Why, Indeed?

Byron Davies davies@pobox.com
Wed, 25 Mar 1998 19:51:10 -0700

Let's go a little deeper into the "Why LispOS?" question.  As happened a
year ago, the technical discussion about LispOS is not leading anywhere in
particular.  I think the Common Lisp/Scheme split is a little nastier this
time around, but otherwise it's the same-old, same-old.  There seems no
more hope of reconciliation this year than last, so the best thing to do is
to create a second list, SchemeOS, and separate the two sides.  Kent
Pitman, a key contributor to the parenthesized world, says he ignores all
mail addressed to both comp.lang.lisp and comp.lang.scheme.  Surely, he
ignores this list too.  At least with separate lists, each crowd can
concentrate on technical issues, and perhaps generate more light than neat.

Unfortunately, I don't think that separation will move us any closer to a
new OS.  Some will ask, if Linux can evolve into a serious Unix, then why
can't LispOS (or SchemeOS) happen?

First, no driving need.  The driving need behind Linux was for a low-cost
Unix -- Unix has become the standard OS for non-trivial software
development, but the marketing strategies of Sun, HP, IBM, etc. didn't
allow for a sub-$100 Unix.

Second, no driving force.  The driving force behind Linux was the
determination of first Richard Stallman and then Linus Torvald to provide
free competition for the proprietary Unix vendors.

Third, demographics.  There just aren't enough Lisp afficianados with time
on their hands to make significant progress.  Counterexamples, of course,
may be found in the CMUCL and RScheme efforts, but their rates of progress
aren't sufficient to overtake PERL much less C++ or Java.  Furthermore,
unless coopted to one of the LispOS/SchemeOS efforts, those groups simply
serve to divide up the limited resources.

How did the original LispOS, the MIT Lisp Machine system, arise?  The
driving need for the MIT LispM was for a larger address space for
Lisp-based AI applications that were rapidly outgrowing the PDP-10's 18
bits of addressing.  The driving forces behind the MIT LispM were a team of
programmers with vision and extraordinary ability, and the financial
resources of DARPA.  The DARPA support began with the direct support of
LispM development, and continued for nearly a decade by providing AI
companies and AI labs within other companies with the money to buy
commercial LispMs.

What could drive a LispOS?  Although I'm a Lisp believer -- and a 25-year
Lisp user, including a heady decade with LispMs --  I don't expect to see
an outcry for a Lisp-based OS, or even a freeware Lisp environment.  Lisp
has about as much chance in the programming language world as the Mac has
in the  desktop computer world, for much the same reasons: (1) it has an
extreme market share disadvantage, and (2) it hasn't kept up with external
advances in software technology.  Lisp still has advantages over other
programming languages, but they don't make up for the disadvantages -- for
most people.  There will always be Lisp users (and Mac users) but most of
the world won't care.

Something could still happen, however.  For example, the leading vendor of
enterprise management systems is SAP, about 25% as big as Microsoft in
revenue.  In order to develop their industry-leading product, R/3, they
developed a CUSTOM 4GL which is only used within SAP, by about 2000
programmers.  This custom programming language is one of the reasons they
were able to progress so rapidly to market leadership.

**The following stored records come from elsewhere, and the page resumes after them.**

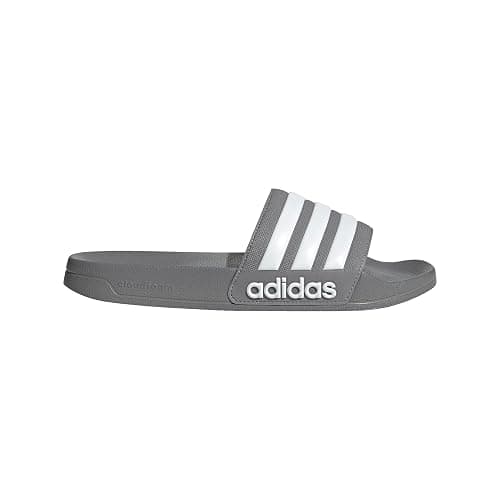adidas Unisex Adult Adilette Shower Slide thumbnail 2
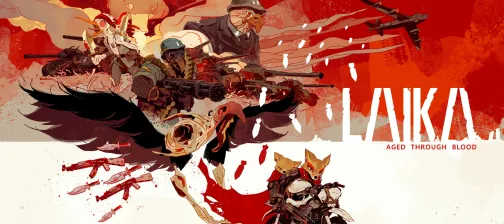 Laika: Aged Through Blood thumbnail image
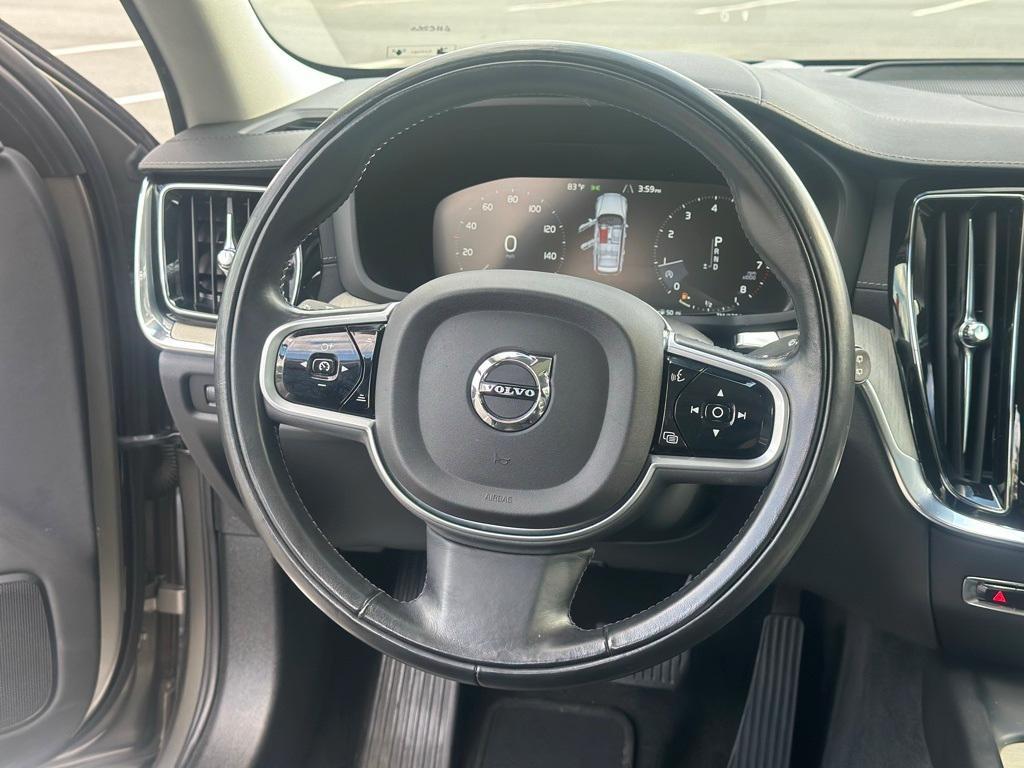 used 2019 Volvo V60 car, priced at $32,998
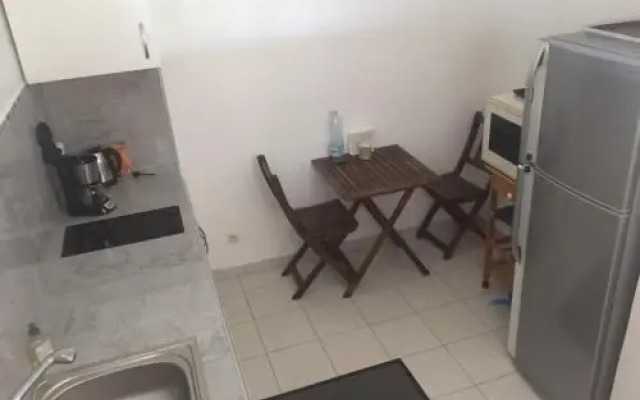 Le Studio Du Manguier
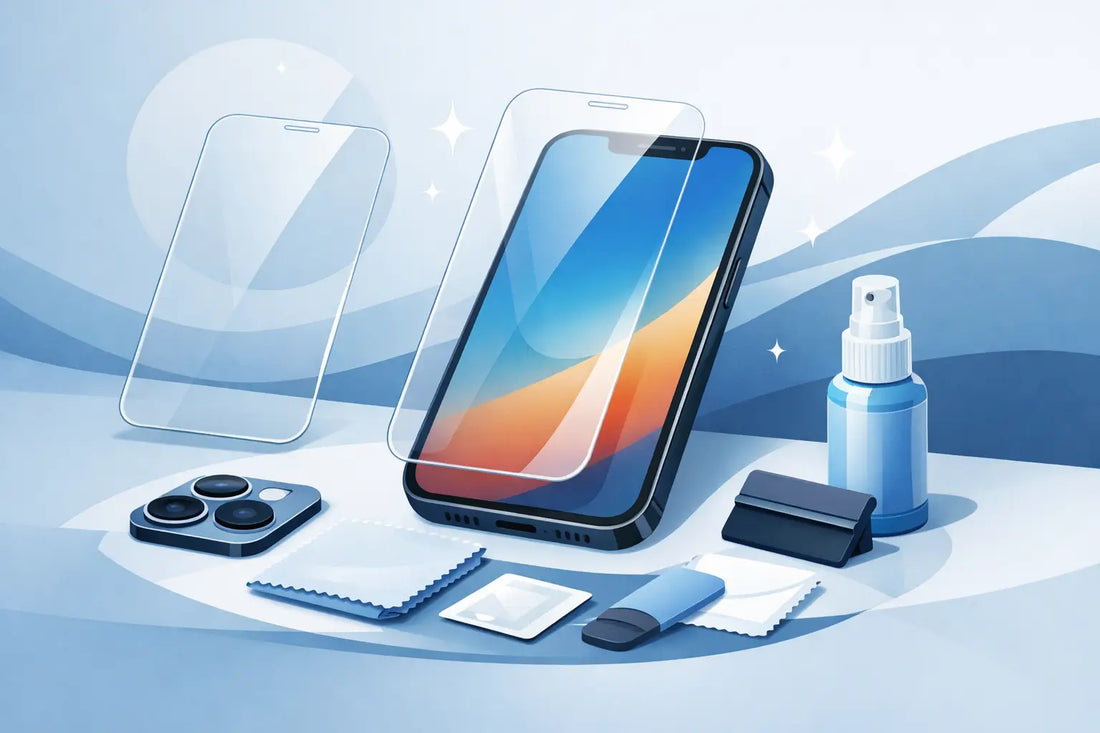 Best iPhone Screen Protector: What to Buy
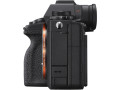Беззеркальный фотоаппарат Sony Alpha a1 Body (черный)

Some had hopes, with CL-HTTP, that Lisp would play a similar role for
web-servers, but it didn't happen.  For lack of marketing by MIT, no
commercial entity was willing to make the investment necessary to convert
CL-HTTP into a whole product.

Where is the killer app that could make Lisp a winner again?  Rather than
aimlessly waving the technology wand, the Lisp community needs to search
for markets that will sustain the ongoing effort needed to bring Lisp up to
where it needs to be and keep it there.